Daniel Walker Howe’s What Hath God Wrought: The Transformation of America, 1815–1848 covering American history from roughly 1812–1848 is just a tremendous book. I recommend it unreservedly to any nonfiction readers out there. This is a period in the United States that most of us (certainly myself included) don’t know much about because “nothing happened.” except, as Howe makes clear, tons of stuff happened. For one thing, the country expanded massively in size to include Florida, Texas, and the Pacific Coast. Mass democracy came into being paired with mass communication and mass literacy. The country was tied together by these factors into a meaningful national unit even while controversy over war with Mexico and what to do with its spoils began to split it apart.

As a side observation, I’ll note it’s interesting that there’s a surprising amount of partisanship among contemporary historians in their treatments of this period even though obviously the Second Party System was very different from ours. Sean Wilentz’s The Rise of American Democracy: Jefferson to Lincoln is very much a pro-Democrat book while Howe is much more of a Whig. My own inclinations, I suppose, are closer go Howe’s in this regard. But it’s a bit of an odd way to look a things.
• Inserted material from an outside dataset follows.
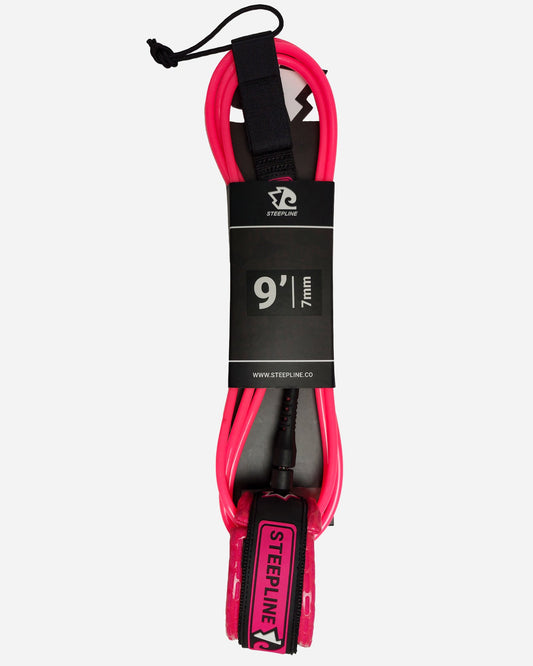 Pink 6’0 Surfboard Leash - Premium 7mm Surfing Leash by Steepline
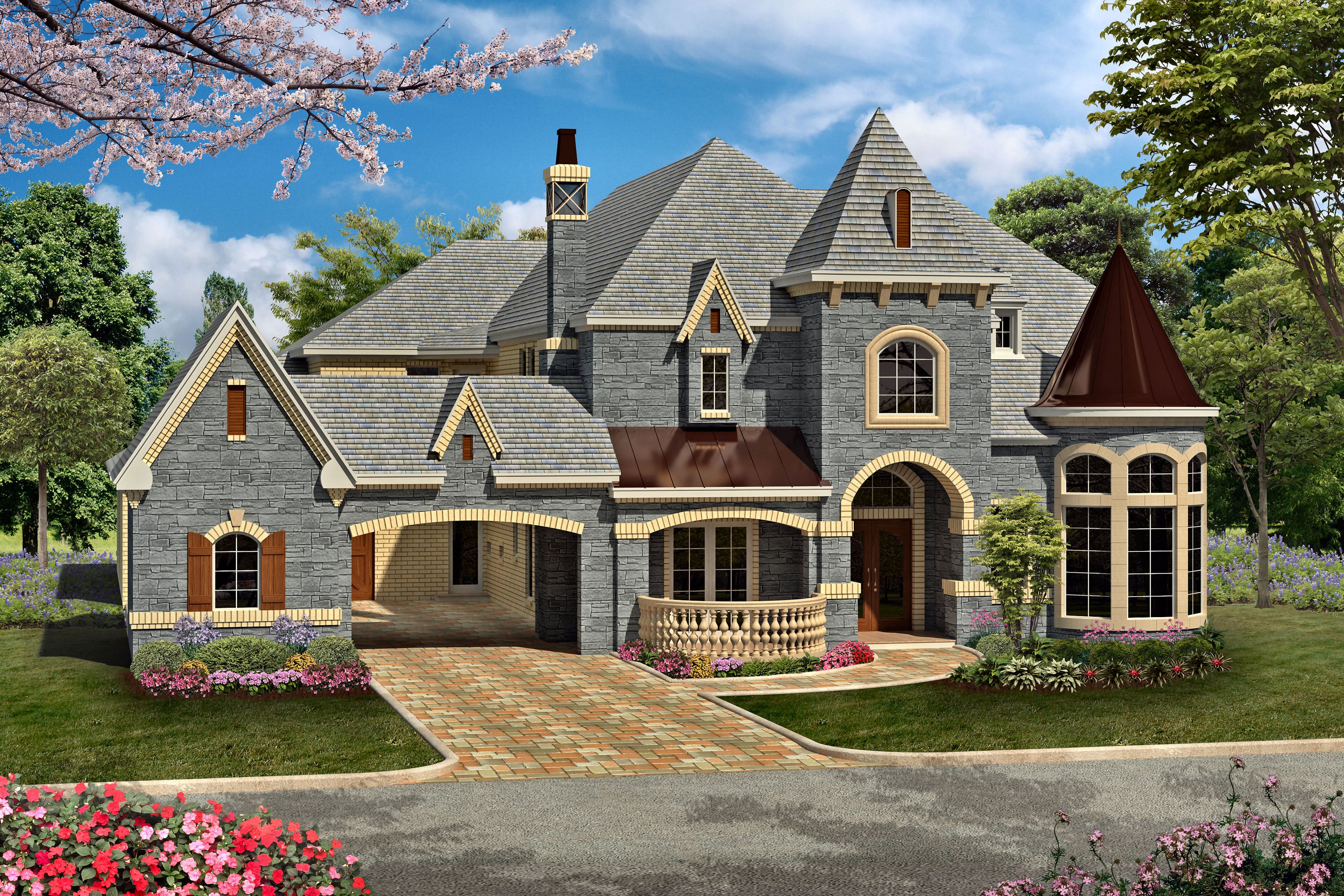 Home Plan Rear Elevation of this 5-Bedroom,6065 Sq Ft Plan -195-1161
But the incredible strength of Howe’s book is his ability to weave the myriad non-political elements of the history into the narrative. You get the establishment of doomed utopian religious communities, but also the non-doomed establishment of Mormonism. Technologic change via the rise of the railroad and the telegraph. Economic transformation driven by canal-building and more modern finance. Military strategy in Mexico. Social change as the understanding of race relations, slavery, and the status of Christianity in America is redefined. It’s something close to a genuinely comprehensive history of the period. Check it out.